6 thoughts on “Building a better bulletproof vest”

  1. I suggest you file this under fiction. It has been known since the 17th Century (Newton) that: “For every action, there is a equal and opposite reaction.” If the bullet “bounces” off the vest with equal velocity, that will DOUBLE the momentum transferred to the tissues behind the vest!

  2. I don’t follow. The equal and opposite reaction is precisely what makes the bullet rebound: it’s just that the energy absorbed by the material at the moment of impact is released by the material springing back into shape, instead of being transferred to whatever is on the other side of it. If I’m wearing a suit made of, say, wood, and you hit me in the side with a baseball bat, a lot of that force is going to be transferred through the non-springy wood to my ribs, even though some of it will be absorbed and spread out trough the wood. If I’m wearing a suit made of springy rubber, your bat will bounce off and far less of that force will be transferred. You seem to be saying that the force of the impact would be doubled by the springy suit.

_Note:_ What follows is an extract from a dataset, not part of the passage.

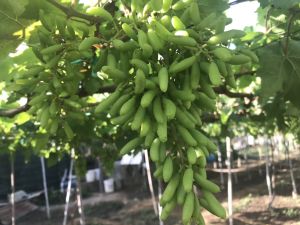 Cây giống nho ngón tay đen Úc trái dài leo giàn trồng chậu thùng xốp sân thượng ND08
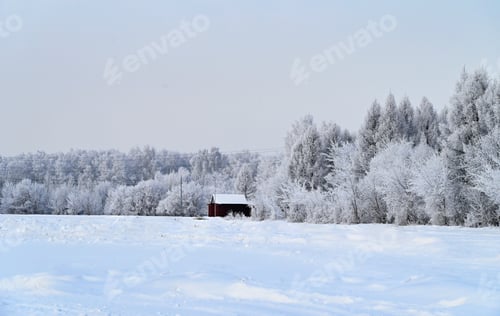 Preview: winter forest in frost, house in winter forest, frosty day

  3. That is precisely what I am saying. Newton’s second law is usually stated F=m*a. Its meaning is clearer as F= delta p. The force applied to a body is equal to the change in momentum of the object applying the force. If a bullet is stopped by the body, it transfers a momentum equal to the mass of the bullet times its velocity on impact. If the bullet arrives and springs off the surface of the body at a velocity equal to its incoming velocity but opposite in sign, the change in bullet momentum is TWICE that of a bullet coming to rest. All of that momentum is transferred (by the spring) to the body. There is nowhere for the momentum to go except into the body.

    The dynamics of “spreading out” the impact momentum is limited by the speed of sound in the “spring” material, and the transfer of momentum to the body is controlled by the deformation of the bullet, which occurs at the speed of sound in the metal. The momentum really cannot, for physics reasons, be spread very far laterally in the time it takes the bullet to impact.

    For very fundamental physics reasons, this proposal is fantasy trying to ride the nanotech funding bubble.

  4. You are most welcome! I spent about a decade designing and building “electrothermal guns.” I continue to be amazed how often the basics of science are overlooked when an appealing story line has been constructed.